::: Exercise material
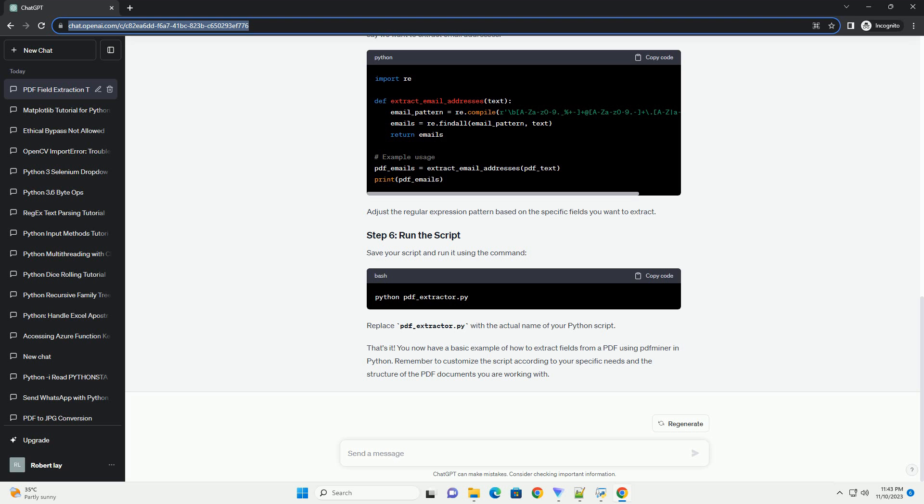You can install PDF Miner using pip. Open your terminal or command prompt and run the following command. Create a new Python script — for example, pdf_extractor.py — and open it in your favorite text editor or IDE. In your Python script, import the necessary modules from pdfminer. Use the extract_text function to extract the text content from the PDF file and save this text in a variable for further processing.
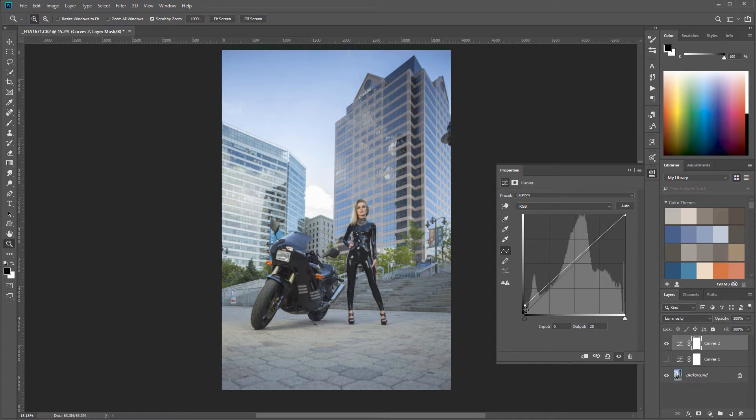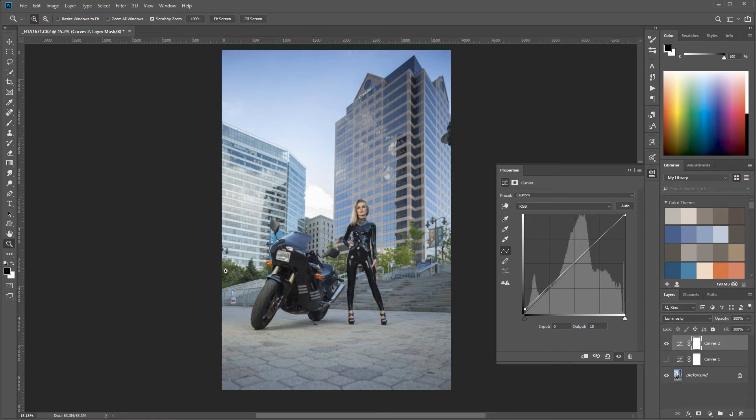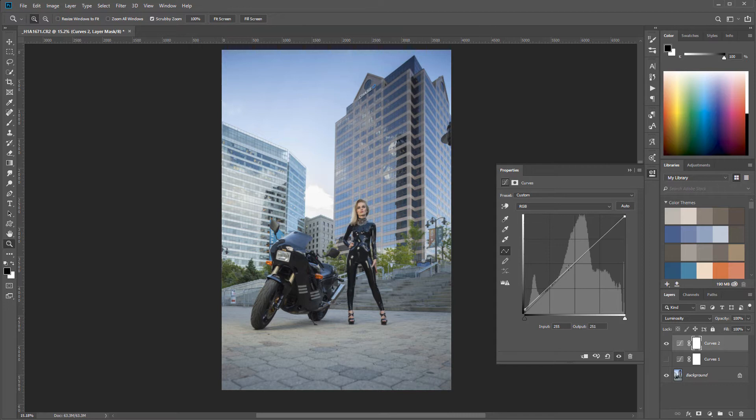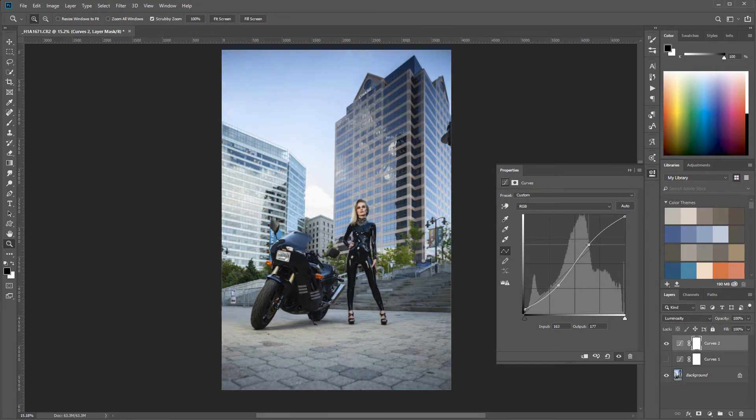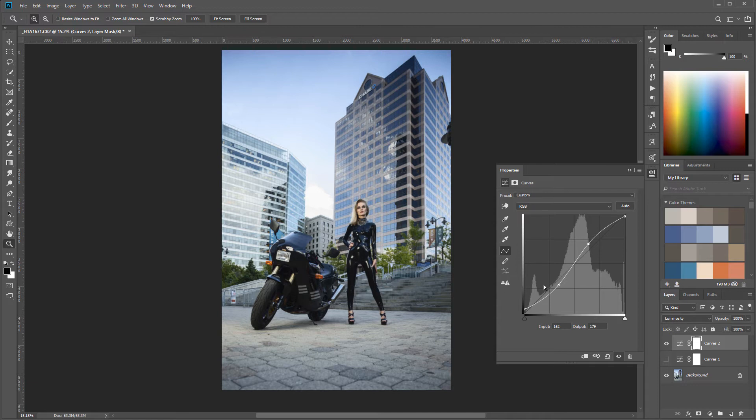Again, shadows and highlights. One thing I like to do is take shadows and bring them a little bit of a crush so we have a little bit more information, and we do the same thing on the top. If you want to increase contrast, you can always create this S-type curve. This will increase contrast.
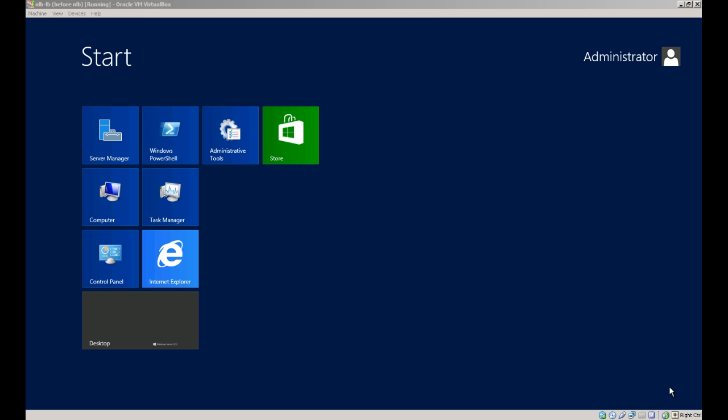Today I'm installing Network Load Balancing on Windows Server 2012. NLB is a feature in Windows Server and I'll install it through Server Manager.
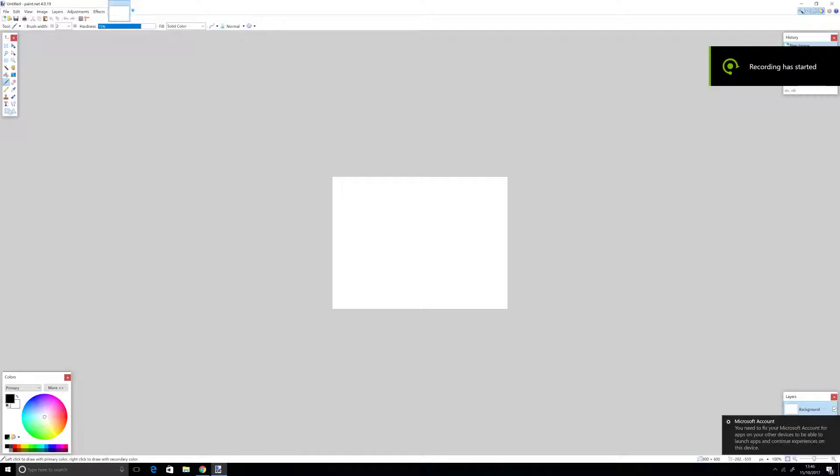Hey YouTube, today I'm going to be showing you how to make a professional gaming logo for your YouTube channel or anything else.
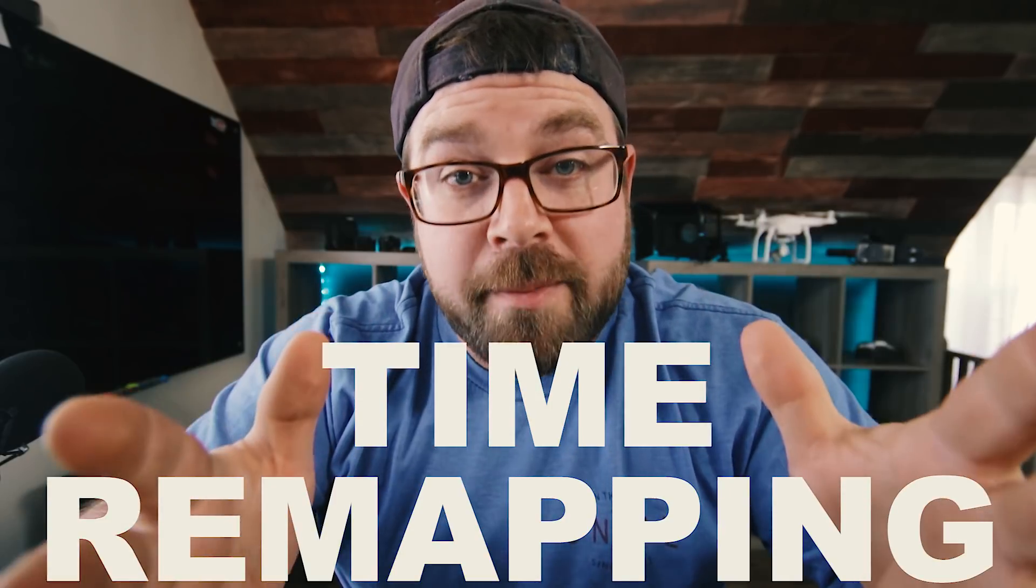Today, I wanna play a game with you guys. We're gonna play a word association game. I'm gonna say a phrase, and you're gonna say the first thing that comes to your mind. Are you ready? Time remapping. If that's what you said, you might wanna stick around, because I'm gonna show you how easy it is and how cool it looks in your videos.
::::::
## Try it
Give the records again exactly as they stand, so that only the pictures are missing.

## Your solution
You can install PDF Miner using pip. Open your terminal or command prompt and run the following command. Create a new Python script — for example, pdf_extractor.py — and open it in your favorite text editor or IDE. In your Python script, import the necessary modules from pdfminer. Use the extract_text function to extract the text content from the PDF file and save this text in a variable for further processing.
Again, shadows and highlights. One thing I like to do is take shadows and bring them a little bit of a crush so we have a little bit more information, and we do the same thing on the top. If you want to increase contrast, you can always create this S-type curve. This will increase contrast.
Today I'm installing Network Load Balancing on Windows Server 2012. NLB is a feature in Windows Server and I'll install it through Server Manager.
Hey YouTube, today I'm going to be showing you how to make a professional gaming logo for your YouTube channel or anything else.
Today, I wanna play a game with you guys. We're gonna play a word association game. I'm gonna say a phrase, and you're gonna say the first thing that comes to your mind. Are you ready? Time remapping. If that's what you said, you might wanna stick around, because I'm gonna show you how easy it is and how cool it looks in your videos.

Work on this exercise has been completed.